C'est quand même fou d'être paralysée par une main sur une peau, un souffle sur une peau et un regard dans lequel on n'a qu'envie de se perdre. Le mental qui vacille. Pendant un instant, rien qu'un instant, il me serait facile d'oublier le lieu et l'entourage. Les défis lancés au vol et exécutés avec juste ce qu'il faut de malice pour faire sourire. Je vais sourire. Dans un tout petit moment. Quand j'aurais réussi à balayer l'émotion générée non tant par le baiser en lui-même, que par son écrin. Un tout petit moment.

Et, effectivement, un tout petit moment plus tard, le mordant fait son retour, mâtiné d'une pointe d'humour :


. C'est parce que vous ne faites pas ça comme il faut.

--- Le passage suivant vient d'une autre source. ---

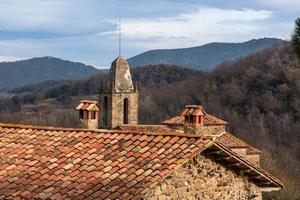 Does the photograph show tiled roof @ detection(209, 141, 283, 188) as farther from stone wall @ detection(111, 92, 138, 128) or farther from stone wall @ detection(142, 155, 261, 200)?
stone wall @ detection(111, 92, 138, 128)

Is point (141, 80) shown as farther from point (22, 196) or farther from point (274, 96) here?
point (22, 196)

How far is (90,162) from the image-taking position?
1134 cm

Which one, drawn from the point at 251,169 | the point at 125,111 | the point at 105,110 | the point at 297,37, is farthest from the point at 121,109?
the point at 297,37

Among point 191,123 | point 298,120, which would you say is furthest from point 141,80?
point 191,123

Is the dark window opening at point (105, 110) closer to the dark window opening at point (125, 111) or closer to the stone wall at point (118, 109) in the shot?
the stone wall at point (118, 109)

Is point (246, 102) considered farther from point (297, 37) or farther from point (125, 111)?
point (297, 37)

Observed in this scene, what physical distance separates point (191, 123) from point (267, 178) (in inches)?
93.1

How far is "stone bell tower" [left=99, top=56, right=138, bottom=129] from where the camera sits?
33688mm

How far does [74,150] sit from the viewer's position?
11930 millimetres

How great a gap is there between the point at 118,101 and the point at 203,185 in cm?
2296

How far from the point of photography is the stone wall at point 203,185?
10648 millimetres

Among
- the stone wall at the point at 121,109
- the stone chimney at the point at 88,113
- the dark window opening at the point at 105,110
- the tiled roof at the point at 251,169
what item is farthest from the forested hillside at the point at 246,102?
the tiled roof at the point at 251,169

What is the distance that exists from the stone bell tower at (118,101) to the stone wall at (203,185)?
21.5 metres

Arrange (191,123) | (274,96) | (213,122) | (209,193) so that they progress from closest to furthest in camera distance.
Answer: (209,193)
(191,123)
(213,122)
(274,96) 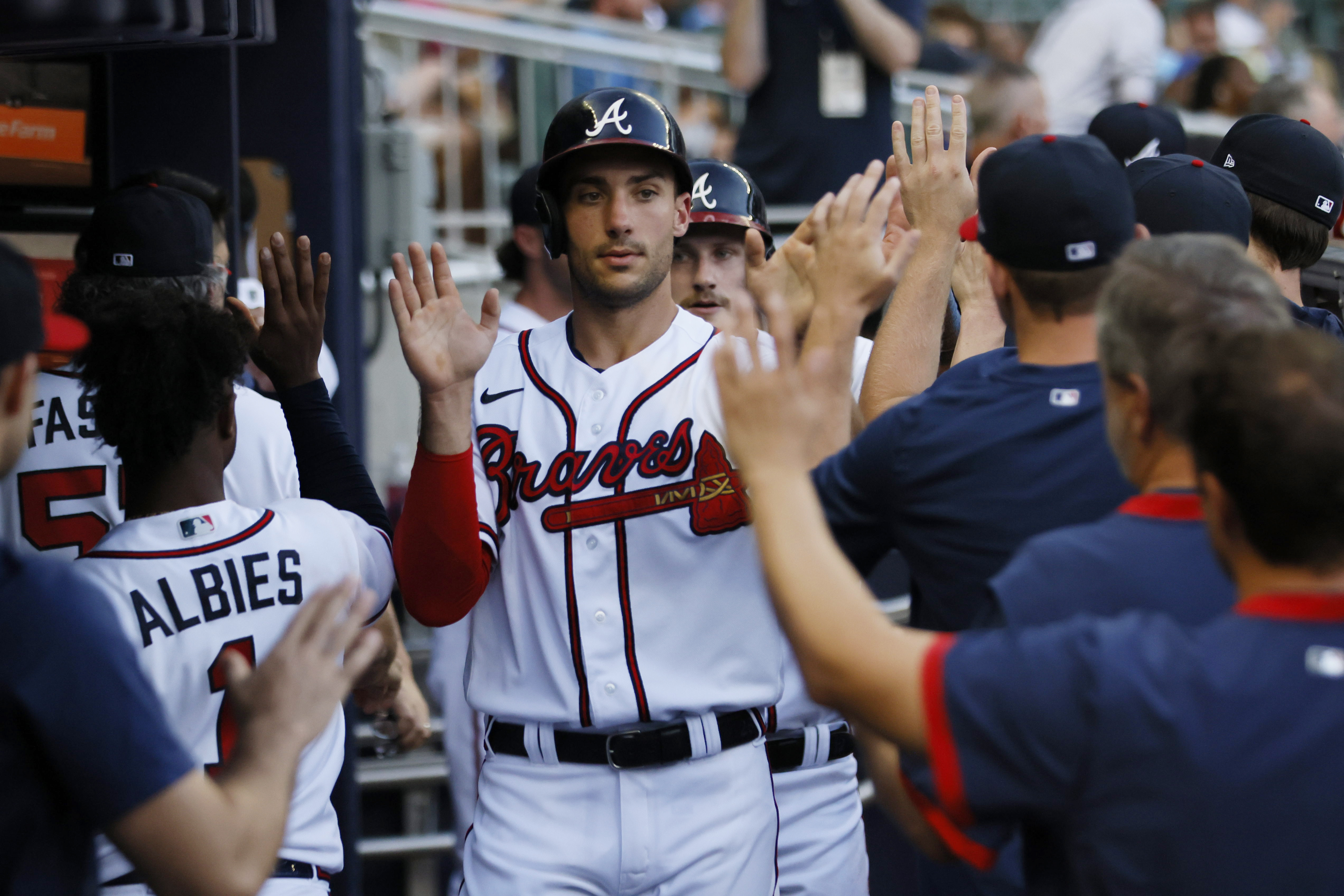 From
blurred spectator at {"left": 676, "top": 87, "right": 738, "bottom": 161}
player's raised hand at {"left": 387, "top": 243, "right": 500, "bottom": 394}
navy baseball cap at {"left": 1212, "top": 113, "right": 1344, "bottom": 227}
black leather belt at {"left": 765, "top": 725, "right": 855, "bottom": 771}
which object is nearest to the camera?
player's raised hand at {"left": 387, "top": 243, "right": 500, "bottom": 394}

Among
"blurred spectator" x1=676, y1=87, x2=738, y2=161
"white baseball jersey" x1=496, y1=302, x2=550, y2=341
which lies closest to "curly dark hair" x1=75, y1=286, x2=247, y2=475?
"white baseball jersey" x1=496, y1=302, x2=550, y2=341

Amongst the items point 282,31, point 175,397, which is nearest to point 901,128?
point 175,397

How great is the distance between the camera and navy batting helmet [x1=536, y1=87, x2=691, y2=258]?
2908mm

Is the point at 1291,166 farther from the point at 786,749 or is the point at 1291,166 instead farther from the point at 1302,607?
the point at 1302,607

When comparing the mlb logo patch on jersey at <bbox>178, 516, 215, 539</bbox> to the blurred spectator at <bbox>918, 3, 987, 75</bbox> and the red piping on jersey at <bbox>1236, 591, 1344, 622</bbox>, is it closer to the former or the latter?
the red piping on jersey at <bbox>1236, 591, 1344, 622</bbox>

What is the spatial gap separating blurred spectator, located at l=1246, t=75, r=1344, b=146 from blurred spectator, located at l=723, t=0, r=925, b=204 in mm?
1390

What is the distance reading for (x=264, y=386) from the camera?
13.6 feet

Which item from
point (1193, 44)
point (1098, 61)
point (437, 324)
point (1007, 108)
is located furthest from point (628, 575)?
point (1193, 44)

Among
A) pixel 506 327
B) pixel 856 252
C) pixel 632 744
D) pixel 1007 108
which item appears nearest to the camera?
pixel 856 252

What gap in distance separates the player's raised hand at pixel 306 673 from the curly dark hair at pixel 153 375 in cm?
58

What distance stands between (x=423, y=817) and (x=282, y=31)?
2.84 meters

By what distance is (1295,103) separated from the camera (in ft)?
16.6

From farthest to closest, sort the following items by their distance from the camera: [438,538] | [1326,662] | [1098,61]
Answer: [1098,61] < [438,538] < [1326,662]

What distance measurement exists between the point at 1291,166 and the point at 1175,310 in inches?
68.0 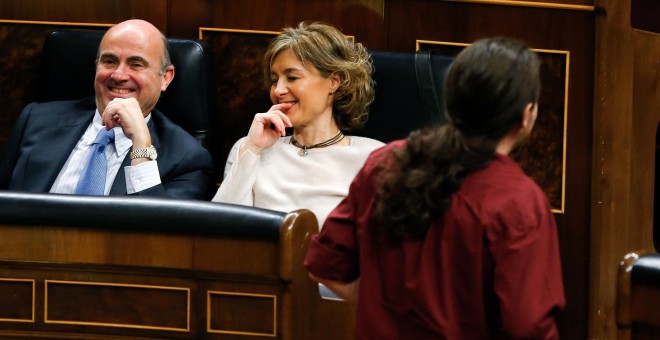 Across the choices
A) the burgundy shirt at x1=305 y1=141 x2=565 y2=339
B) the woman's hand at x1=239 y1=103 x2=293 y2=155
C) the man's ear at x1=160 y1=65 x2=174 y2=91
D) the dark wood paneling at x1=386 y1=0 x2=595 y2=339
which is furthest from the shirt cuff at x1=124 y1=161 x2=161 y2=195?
the burgundy shirt at x1=305 y1=141 x2=565 y2=339

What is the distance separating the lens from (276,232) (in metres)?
2.03

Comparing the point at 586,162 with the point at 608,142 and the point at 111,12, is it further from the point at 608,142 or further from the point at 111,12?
the point at 111,12

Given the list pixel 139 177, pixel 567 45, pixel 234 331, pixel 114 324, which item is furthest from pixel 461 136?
pixel 567 45

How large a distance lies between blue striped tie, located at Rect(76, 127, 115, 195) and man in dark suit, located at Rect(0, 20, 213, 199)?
1 centimetres

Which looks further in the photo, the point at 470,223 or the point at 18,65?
the point at 18,65

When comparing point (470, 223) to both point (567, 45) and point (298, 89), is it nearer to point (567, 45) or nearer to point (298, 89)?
point (298, 89)

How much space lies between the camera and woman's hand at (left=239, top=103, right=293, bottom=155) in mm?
2703

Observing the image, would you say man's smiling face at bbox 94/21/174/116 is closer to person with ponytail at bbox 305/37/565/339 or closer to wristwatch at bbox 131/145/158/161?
wristwatch at bbox 131/145/158/161

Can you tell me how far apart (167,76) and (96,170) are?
0.34m

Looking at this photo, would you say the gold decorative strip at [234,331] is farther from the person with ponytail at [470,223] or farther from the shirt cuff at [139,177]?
the shirt cuff at [139,177]

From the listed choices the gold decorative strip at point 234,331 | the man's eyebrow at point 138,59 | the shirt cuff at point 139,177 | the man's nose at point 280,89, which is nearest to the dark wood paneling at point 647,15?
the man's nose at point 280,89

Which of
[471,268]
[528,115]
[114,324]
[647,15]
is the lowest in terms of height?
[114,324]

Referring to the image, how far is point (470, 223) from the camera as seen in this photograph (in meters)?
1.52

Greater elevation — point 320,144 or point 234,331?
point 320,144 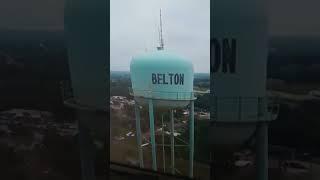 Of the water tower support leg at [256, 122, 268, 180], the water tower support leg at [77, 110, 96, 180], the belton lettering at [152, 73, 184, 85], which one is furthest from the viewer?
the water tower support leg at [77, 110, 96, 180]

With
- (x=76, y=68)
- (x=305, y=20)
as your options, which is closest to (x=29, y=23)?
(x=76, y=68)

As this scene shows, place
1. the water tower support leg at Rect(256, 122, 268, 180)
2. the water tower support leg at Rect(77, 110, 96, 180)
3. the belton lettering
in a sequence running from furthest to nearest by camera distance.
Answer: the water tower support leg at Rect(77, 110, 96, 180), the water tower support leg at Rect(256, 122, 268, 180), the belton lettering

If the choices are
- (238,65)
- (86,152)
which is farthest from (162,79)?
(86,152)

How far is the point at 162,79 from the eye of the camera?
2623mm

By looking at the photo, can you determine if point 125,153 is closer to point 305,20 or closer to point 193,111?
point 193,111

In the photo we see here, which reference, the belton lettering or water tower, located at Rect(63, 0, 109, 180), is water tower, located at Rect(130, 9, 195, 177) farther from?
water tower, located at Rect(63, 0, 109, 180)

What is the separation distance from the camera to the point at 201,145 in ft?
8.97

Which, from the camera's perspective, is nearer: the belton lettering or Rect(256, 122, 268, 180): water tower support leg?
the belton lettering

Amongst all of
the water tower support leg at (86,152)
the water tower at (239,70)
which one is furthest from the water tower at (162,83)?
the water tower support leg at (86,152)

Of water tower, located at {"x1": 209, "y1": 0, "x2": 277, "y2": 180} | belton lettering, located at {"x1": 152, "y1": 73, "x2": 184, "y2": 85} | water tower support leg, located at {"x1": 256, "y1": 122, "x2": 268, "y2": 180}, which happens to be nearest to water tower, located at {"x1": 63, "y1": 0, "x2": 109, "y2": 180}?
belton lettering, located at {"x1": 152, "y1": 73, "x2": 184, "y2": 85}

Je lui laisse pas le temps de réfléchir, de réagir. Les vingt centimètres qui nous séparent sont déjà un obstacle en soi qu'il faut vaincre d'une pointe de pied, sans qu'une rebuffade vienne me compliquer la tâche.
Pieds pointés, donc. Mains glissées. Regard voilé. Yeux éclipsés. Lèvres affamées.
Je suis incapable d'avoir sa retenue, et de toute façon, ça n'était pas mon but.
Je l'attrape et l'accapare dans un baiser, aux antipodes de l'effleurement de lèvres timide dont il m'a gratifié. J'aurais dû m'y attendre, mais je me retrouve prise à mon propre piège. De coupable, je deviens victime. Et sans le bruit sourd d'un livre qui choit de hauteur d'homme, je serais probablement encore en train de l'embrasser comme une folle. La chute du bouquin (on verra plus tard que j'ai raison sur la nature de l'objet) m'arrache au moment. A regret. A soulagement. Je ne sais plus trop quoi faire de mon cas. Garder les yeux fermés. Rougir. Envoyer valser les livres kamikases et replonger dans ce baiser au goût de provocation. Un peu de tout. Un peu de rien. Je finis par dégainer mon sourire frondeur, ma seule arme contre la vulnérabilité qui affleure.


. Vous voyez...

A deux étagères de nous, mon petit monsieur regarde, médusé, et un peu rose, le livre qui a joué les explorateurs en s'enfuyant à l'aventure sur le plancher des vaches.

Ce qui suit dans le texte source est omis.